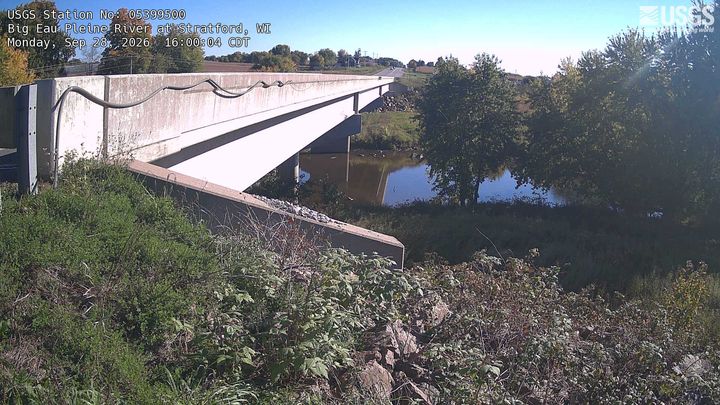Big Eau Pleine River at Stratford Webcam view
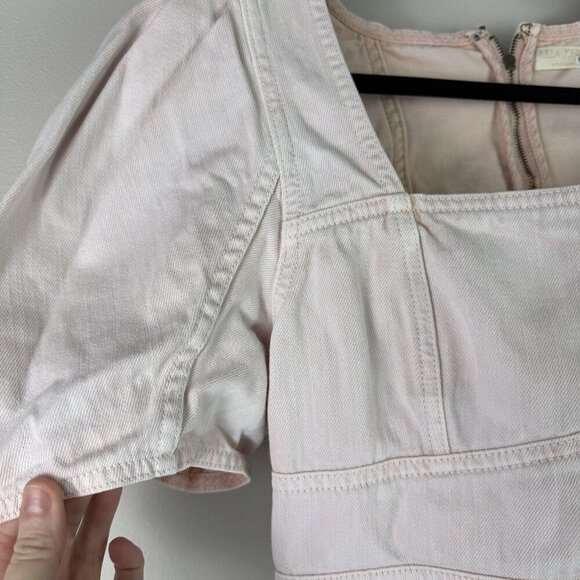 Ulla Johnson Renee Puff Sleeve Crop Top Pink Linen Blend Blouse Women’s Size 10 - Picture 8 of 12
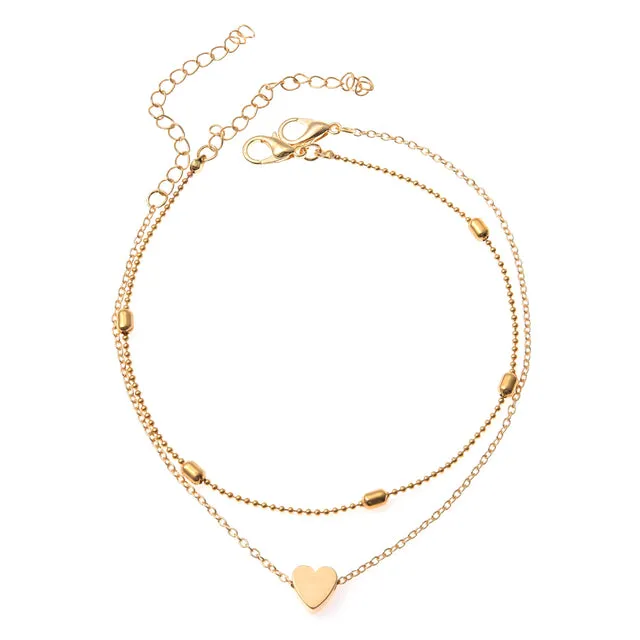 New 3pcs/set Gold Color Simple Chain Anklets For Women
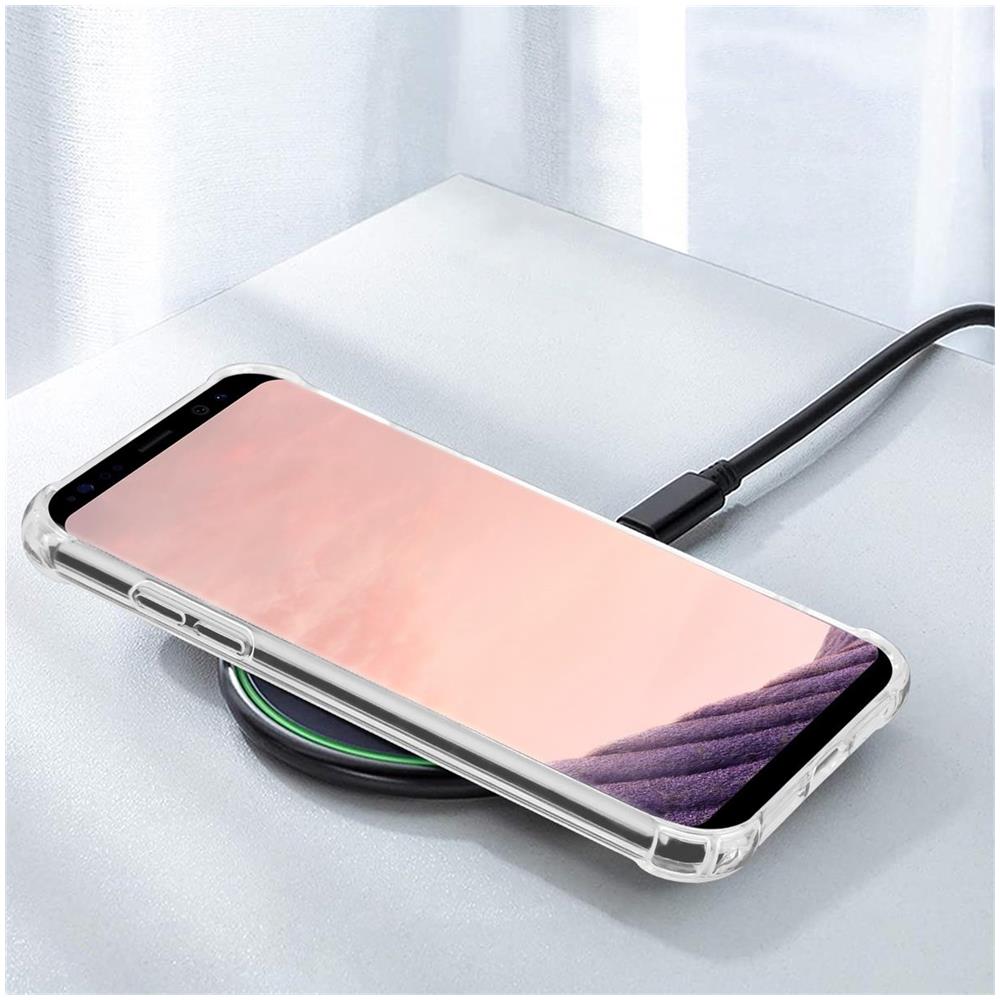 Custodia E 2x Vetro Di Protezione Temperato Compatibile Con Samsung Galaxy S8 Plus In Transparente - Coperchio Protettivo Ibrido Con Bordo In Silicone Tpu E Retro In Vetro Acrilico - Foto 7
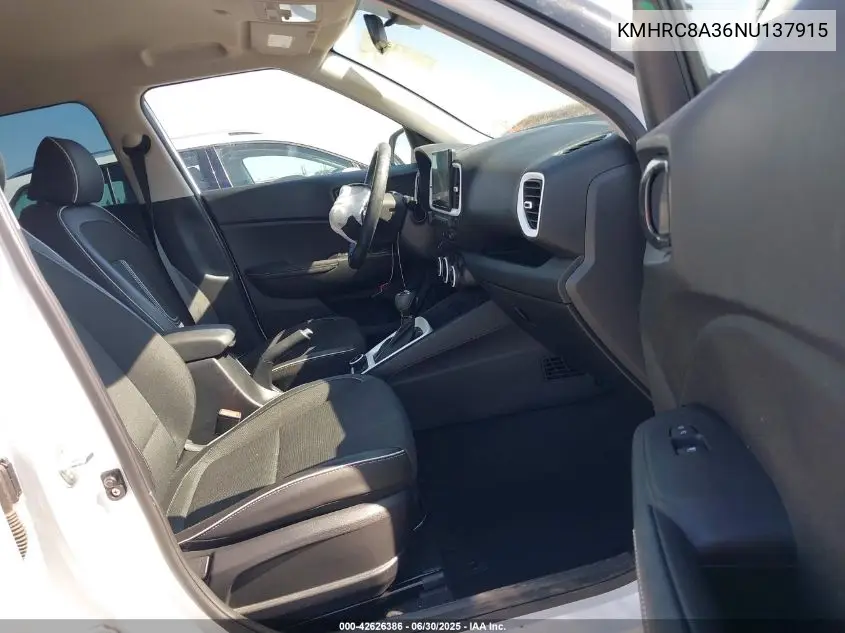 2022 Hyundai Venue Limited VIN: KMHRC8A36NU137915 Lot: 42626386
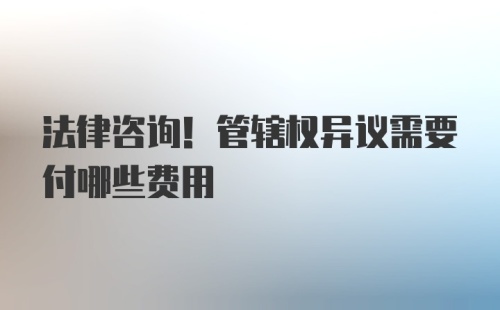 法律咨询！管辖权异议需要付哪些费用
──────
Pictures do not go in the copy; print every entry exactly as it stands.

■ **The answer**:
Big Eau Pleine River at Stratford Webcam view
 Ulla Johnson Renee Puff Sleeve Crop Top Pink Linen Blend Blouse Women’s Size 10 - Picture 8 of 12
 New 3pcs/set Gold Color Simple Chain Anklets For Women
 Custodia E 2x Vetro Di Protezione Temperato Compatibile Con Samsung Galaxy S8 Plus In Transparente - Coperchio Protettivo Ibrido Con Bordo In Silicone Tpu E Retro In Vetro Acrilico - Foto 7
 2022 Hyundai Venue Limited VIN: KMHRC8A36NU137915 Lot: 42626386
 法律咨询！管辖权异议需要付哪些费用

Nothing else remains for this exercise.